◆ **ABOUT THIS EXERCISE**
Find the line with "Partition only girls" and the line with "Apartmán Kueken Winterberg" in the entries below; output exactly those two lines, every line between them, and no others.

◆ **PROVIDED DATA**
[Start of Attachment]

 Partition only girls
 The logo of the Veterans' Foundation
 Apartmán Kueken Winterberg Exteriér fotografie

[End of Attachment]
[Start of Attachment]

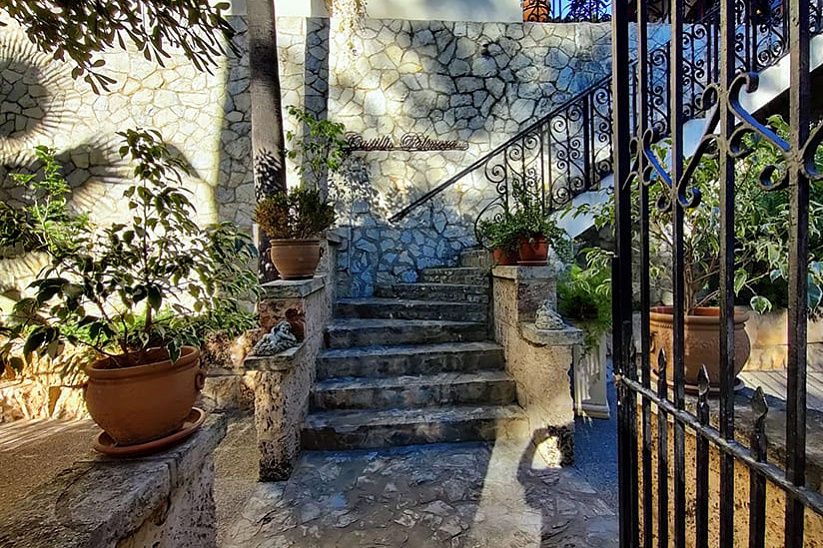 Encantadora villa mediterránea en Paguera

[End of Attachment]

◆ **OUTPUT OF THE EXERCISE**
 Partition only girls
 The logo of the Veterans' Foundation
 Apartmán Kueken Winterberg Exteriér fotografie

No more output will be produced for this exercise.